Saturday, May 31, 2008

Somebody else's graduation

I've never been a fan of graduation ceremonies. I attended my high school graduation under protest. I skipped both my undergraduate and graduate ceremonies. I've attended a few for friends in the intervening years, but none of them has particularly worked for me.

This morning, I went to the graduation at my kids' school. I attended because both my kids were involved, though not graduating: Sarah acting as a junior marshall, and Scott playing in the orchestra.

In the same way that last night's movie had a lot going for it, this ceremony had a ton going against it:

* It started at 9:00 a.m. on a Saturday, so I had less than four hours of sleep and walked onto the field already pissed at losing the benefits of my best sleep night.

* It was outdoors. Though overcast and cooler than most end of May days, the weather still verged on hot and was often muggy.

* My back is still sore and far from fully healed, and I had to sit in lousy chairs or the bleachers. (We went for the bleachers, and with a hurt back it sucked about as much as you'd expect. At least I got to sit on the ground level, so I could periodically get up and walk around.)

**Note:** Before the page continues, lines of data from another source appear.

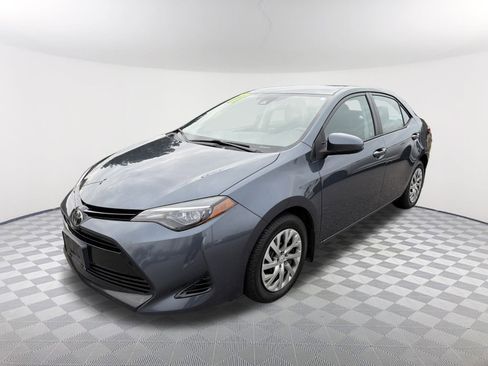 Used 2017 Toyota Corolla LE image 3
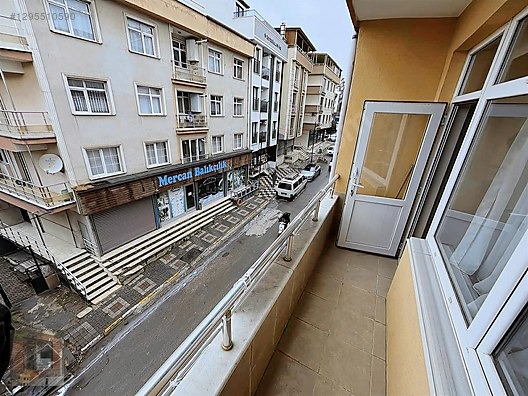 CAMİ MAHALLESİ'NDE KOMPLE SATILIK BİNA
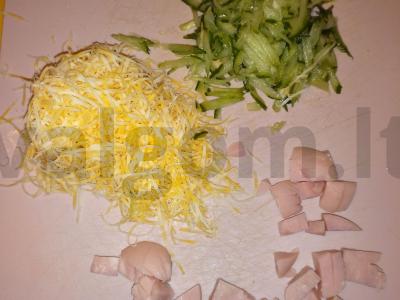 Krepšeliai su sūriu, agurkais ir kumpiu Žingsnis 2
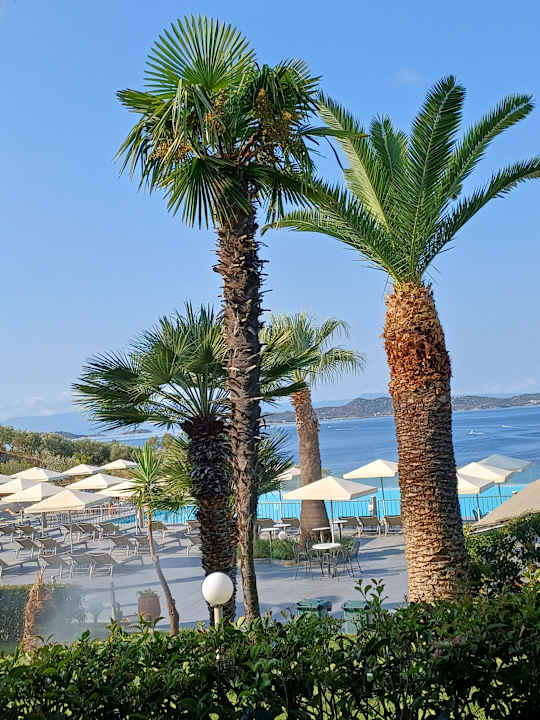 Ausblick Akrathos Beach Hotel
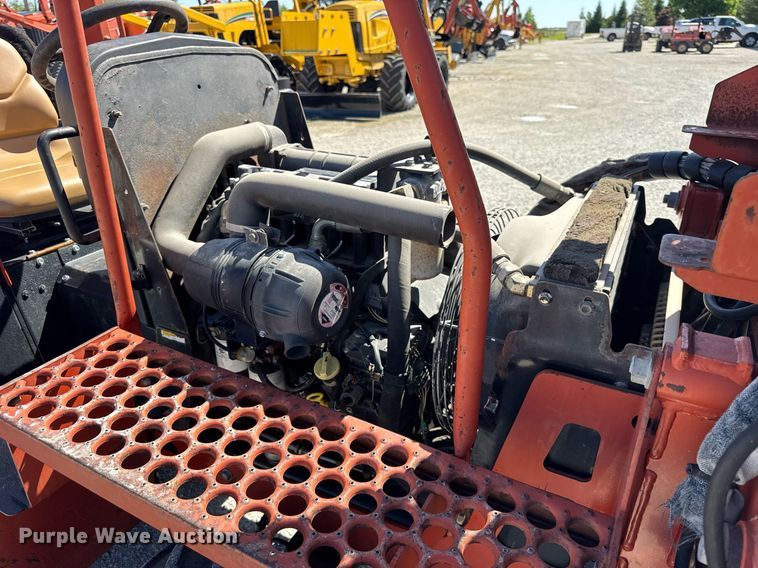image for item DH9954 2004 Ditch Witch RT40 trencher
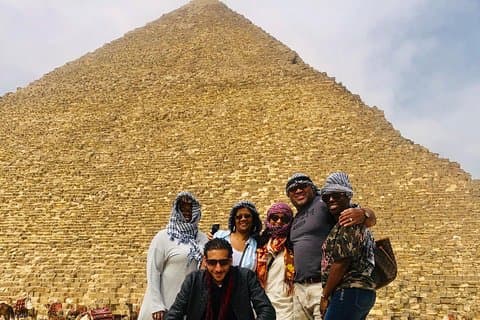 Pyramides VIP de Gizeh,Sphinx,sakkara,Memphis tour + balade à dos de chameau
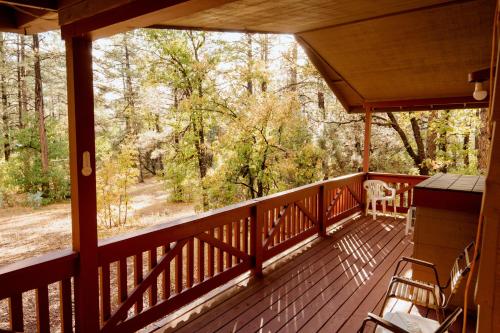 Balkón nebo terasa v ubytování Northwoods Cabins
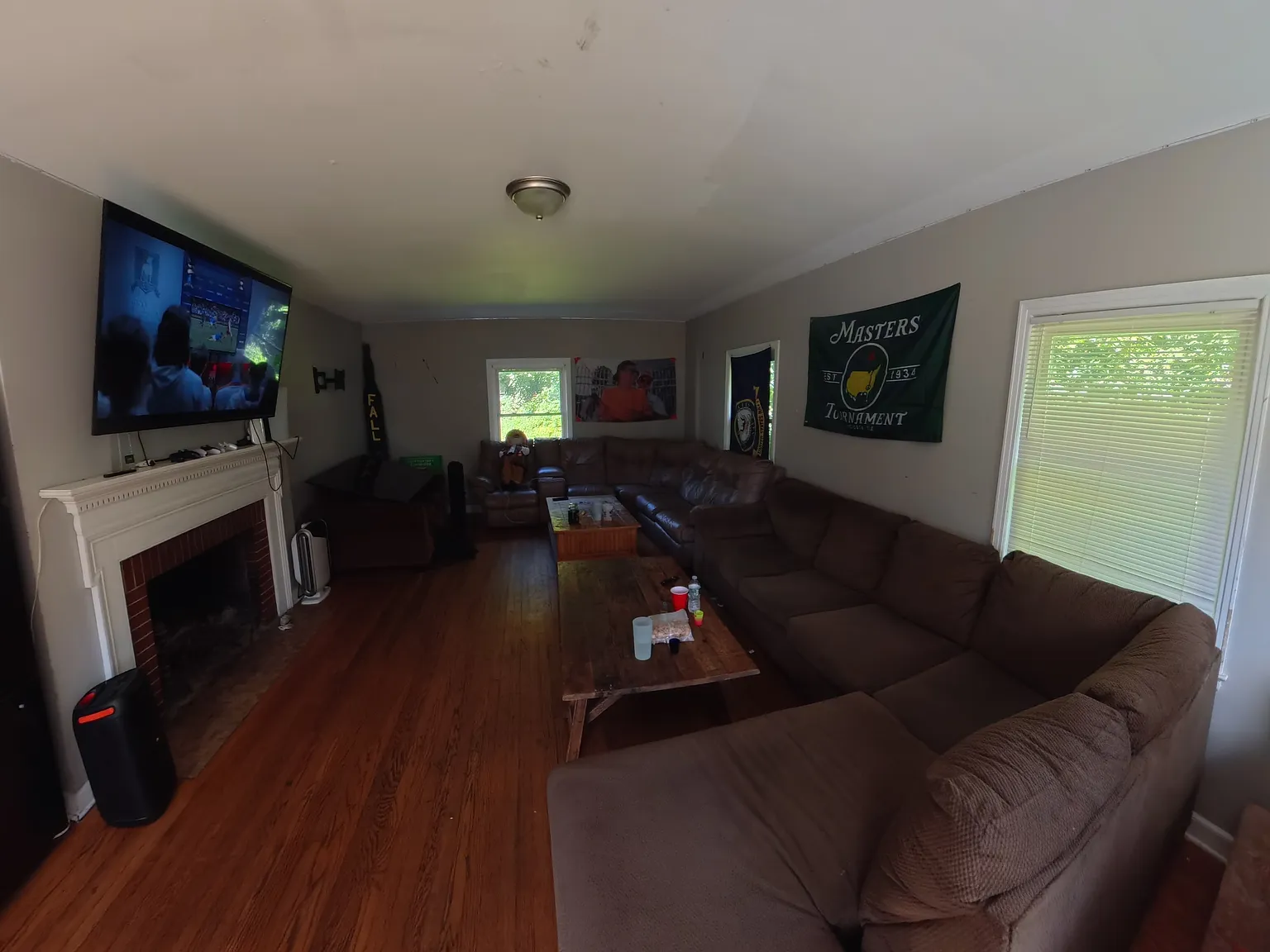 6 bed, 2487 sqft, $5,250 — Photo 3
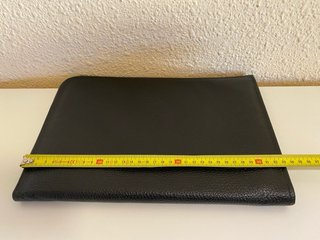 Carpeta Portadocumentos Negra Vintage Areitio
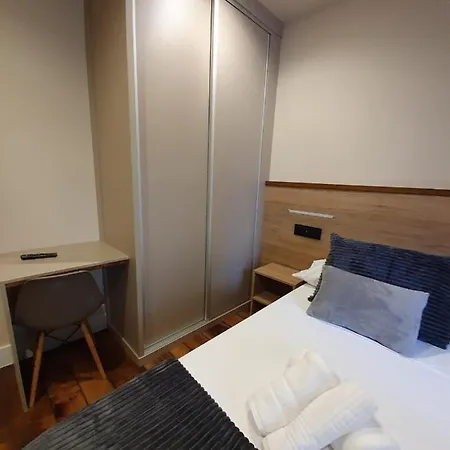 Casa Cuartel * A Fonsagrada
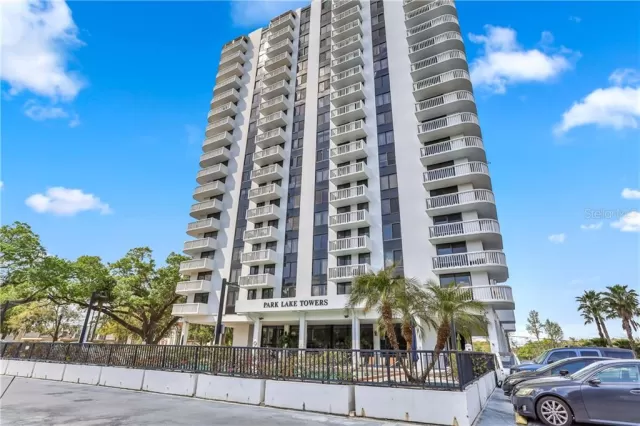 MLS: O5852519 Condo For Sale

* Neither of my kids was graduating, so I had no family stake in the outcome.

Despite all that, I found the event far better than I had expected. Several moments were downright touching, the speakers were decent or better, and the fact that one of the seniors is one of Sarah's very best friends gave me someone to cheer for.

I actually quite enjoyed the address of Dr. Benjamin Bernard Dunlap, the President of Wofford College and the main speaker. He was erudite, funny, had enough of value to say that those listening might get real value from his speech, and he kept it reasonably short. Even the two student speakers did good jobs.

The most moving moment, though, was a part of the ceremony that may sound trite: each senior took a rose and presented it to his or her mother. Seeing all these young men and women hug their moms, watching the expressions on the faces of the moms and their kids, and having a clue from Rana's countless hours doing school-related things for the kids about how much moms make schools work gave me a stronger than ever understanding of what so many of these women have sacrificed for their kids. (Yes, I find it vaguely annoying that there's no corresponding event for the dads, but as Chris Rock observed, we get the big piece of chicken and that's about it.) I know that no single moment can ever repay eighteen years of work and sacrifice, but these moments do count. They do help. The moms deserve them, and this one was lovely.

The rose ceremony even made me wish someone at my high school had made me give a rose to my mom. Most of my eighteen-year-old self would have hated it, but I like to think that some small part of me would have realized even then just how much she gave up to get me to that point in life. I sure realize it now.